Some of these games I had only ever read about—and yet here they were in Charlottesville.
“We really are passionate about being a teacher in the community,” says Lindsey Daniels, who joined Decades as arcade manager after a career in restauranteering. Daniels has meticulously laid out each space in the arcade by theme, era, tech, and popularity. “A lot of what we have in there is part of history, not only from the history of gaming but also from the history of STEM, like what was happening in computers and electronics at that time, and then just actual American history. … I like to group by when things happened. I have worked on the pinball room to pretty much do that, so that each row makes sense as to a decade.”
“I look for things people will like, but also things where they have no idea it existed,” says Yates, who began Decades as Paul’s Pinball Palace in 2018. Yates says the business acquires many of its games broken, but he sources parts to repair the machines to their original form. It’s common for arcade game collectors to swap out old finicky cathode ray tube monitors with LCD screens, but Yates wants to remain faithful to the game’s engineering. “That’s how I played the game to begin with, and that’s how I want to continue to play the game. So, I will go repair whatever needs to be done on the CRT until it’s literally on its last legs and you just can’t use it anymore. And in that case I will find another CRT.
“You can’t just sit on a couch playing a [PlayStation 5] and replicate what I’ve got there.”
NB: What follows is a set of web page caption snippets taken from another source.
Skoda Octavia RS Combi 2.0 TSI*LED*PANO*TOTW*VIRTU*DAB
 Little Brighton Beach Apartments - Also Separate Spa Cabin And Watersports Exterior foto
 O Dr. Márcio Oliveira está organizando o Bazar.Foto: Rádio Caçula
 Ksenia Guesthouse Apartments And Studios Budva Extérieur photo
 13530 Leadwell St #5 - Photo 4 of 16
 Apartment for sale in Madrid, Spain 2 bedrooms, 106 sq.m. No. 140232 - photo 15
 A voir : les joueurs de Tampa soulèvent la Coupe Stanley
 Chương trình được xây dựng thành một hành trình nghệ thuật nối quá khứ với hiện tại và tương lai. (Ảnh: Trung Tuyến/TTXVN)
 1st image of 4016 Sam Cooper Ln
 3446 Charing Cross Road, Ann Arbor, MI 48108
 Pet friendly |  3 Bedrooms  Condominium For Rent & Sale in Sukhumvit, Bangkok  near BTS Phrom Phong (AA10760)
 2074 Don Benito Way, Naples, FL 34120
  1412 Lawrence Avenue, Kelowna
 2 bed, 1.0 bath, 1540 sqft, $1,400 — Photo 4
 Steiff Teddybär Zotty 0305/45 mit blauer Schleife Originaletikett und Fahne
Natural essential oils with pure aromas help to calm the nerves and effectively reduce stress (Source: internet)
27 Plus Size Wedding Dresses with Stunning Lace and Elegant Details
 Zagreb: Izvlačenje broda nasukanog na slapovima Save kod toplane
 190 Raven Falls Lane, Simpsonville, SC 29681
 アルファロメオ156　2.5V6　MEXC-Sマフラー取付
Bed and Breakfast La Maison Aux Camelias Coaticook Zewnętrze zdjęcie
On a Sunday at Decades, as I fiddled around with a new Alien-themed pinball table, a group of about six kids streamed in. After getting their wristbands, they excitedly peeled off to different rooms, hands ready to play games several times their ages. I feel like one of them when I tilt a joystick or pull the plunger on a pinball machine. It’s a raw thrill shooting through a wild nerve that connects me to something timeless, something generously passed down to me by another generation.